Evangelio de San Juan (Jn 13,31-38): “Verdadera fraternidad”

Cuando salió Judas, dijo Jesús: “Ahora es glorificado el Hijo del Hombre y Dios es glorificado en él. Si Dios es glorificado en él, también Dios le glorificará a él en sí mismo; y pronto le glorificará. Hijos, todavía estoy un poco con vosotros. Me buscaréis y como les dije a los judíos: ‘Adonde yo voy, vosotros no podéis venir’, lo mismo os digo ahora a vosotros. Un mandamiento nuevo os doy: que os améis unos a otros. Como yo os he amado, amaos también unos a otros. En esto conocerán todos que sois mis discípulos, si os tenéis amor unos a otros”. Le dijo Simón Pedro: “Señor, ¿adónde vas?” Jesús respondió: “Adonde yo voy, tú no puedes seguirme ahora, me seguirás más tarde”. Pedro le dijo: “Señor, ¿por qué no puedo seguirte ahora? Yo daré mi vida por ti”. Respondió Jesús: “¿Tú darás la vida por mí? En verdad, en verdad te digo que no cantará el gallo sin que me hayas negado tres veces”.

Jesús permanece fiel hasta la muerte a la misión que Dios, nuestro Padre, le encomendó. Su entrega perfecta a la voluntad del Padre le glorifica, y el Padre, a su vez, le glorifica a Él.

No encontraremos un amor más grande que el amor entre Dios Padre y su Hijo, que es el Espíritu Santo mismo. Es este amor el que es capaz de transformar el lúgubre acontecimiento de la traición del Hijo de Dios e integrarlo en el divino plan de salvación.

El traidor ya se ha puesto en camino para entregar a Jesús a cambio de treinta monedas de plata. Jesús, en cambio, prepara a sus discípulos para su muerte, que es inminente. Ellos no podrán seguirle aún a esta muerte en la cruz. Solo Él la sufrirá para redimir a la humanidad.

El Señor da un nuevo mandamiento a sus discípulos. Les ha revelado el amor del Padre y ahora les muestra cómo deben vivirlo también entre ellos. Este es el modo en que estamos llamados a convivir unos con otros en la tierra, dando así testimonio del amor de Dios como verdaderos hermanos en Cristo. Posteriormente se dirá de los primeros cristianos: “¡Mirad cómo se aman!” (Tertuliano, siglo II), y se reconocerá este amor como una característica que los identifica.
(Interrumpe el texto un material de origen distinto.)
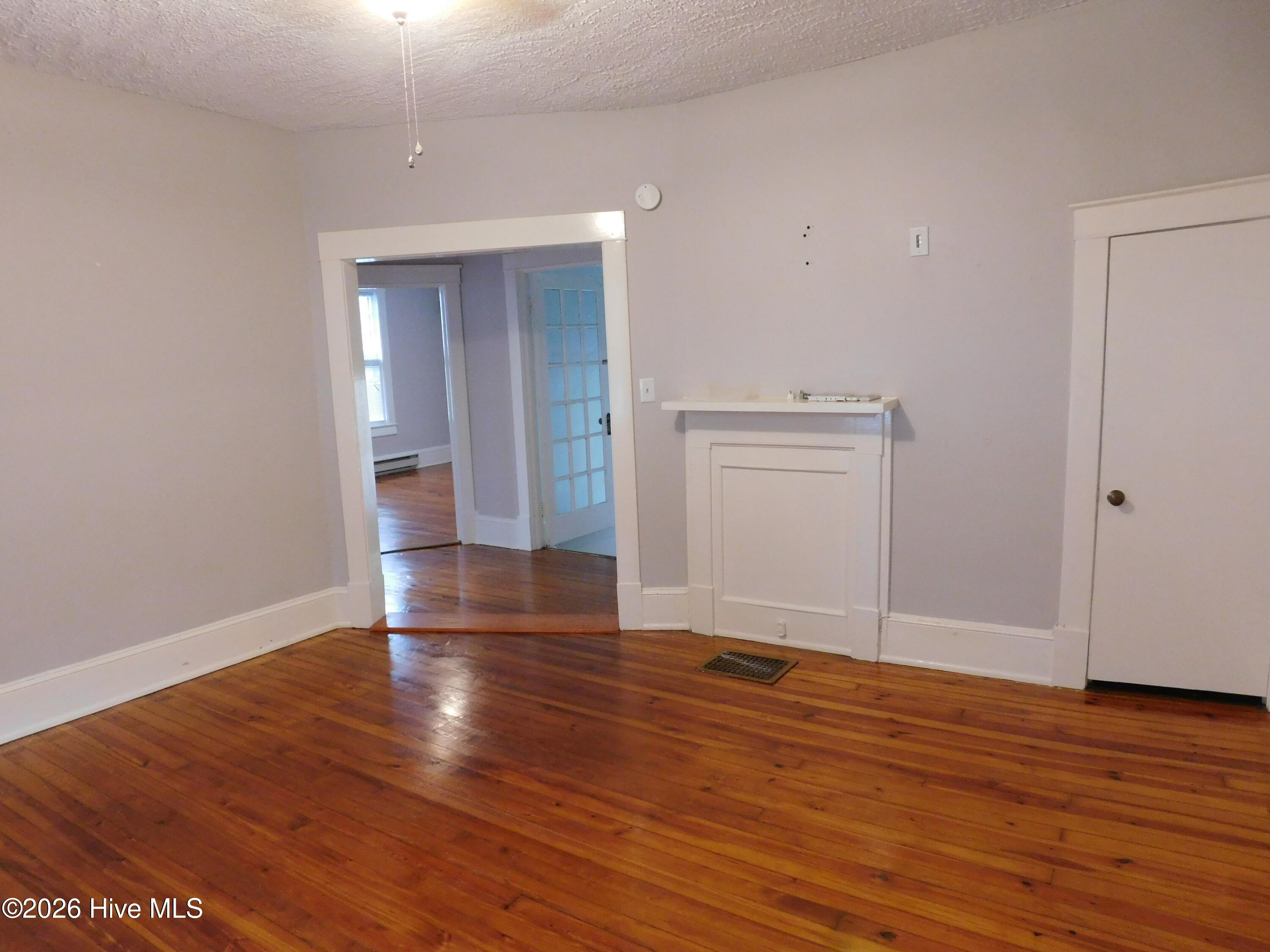 206 King Street A Property Photo 10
No se trata de una fraternidad humana en virtud de su naturaleza común. Esta no basta para crear un mundo pacífico. Aunque haya buena voluntad, muchas veces las personas sucumben a sus malas inclinaciones, a su corazón no convertido y a su confusión. Esto resulta evidente cuando observamos el estado en que se encuentra actualmente el mundo, a menudo desolado.

Jesús, en cambio, nos ofrece una fraternidad en virtud de la gracia y del amor que nos otorga el Hijo de Dios. Esta fraternidad supone que los hombres guardemos los mandamientos de Dios, aceptemos la salvación que nos ofrece en su Hijo y sigamos sus pasos. Así, con la ayuda del Espíritu Santo, nos volvemos capaces de amar de verdad, como Jesús mismo nos amó. Así puede surgir un mundo redimido por Dios. Las condiciones están predeterminadas, pero su realización depende de una evangelización auténtica y con autoridad, así como del testimonio del amor fraterno en Cristo que debe acompañar al anuncio.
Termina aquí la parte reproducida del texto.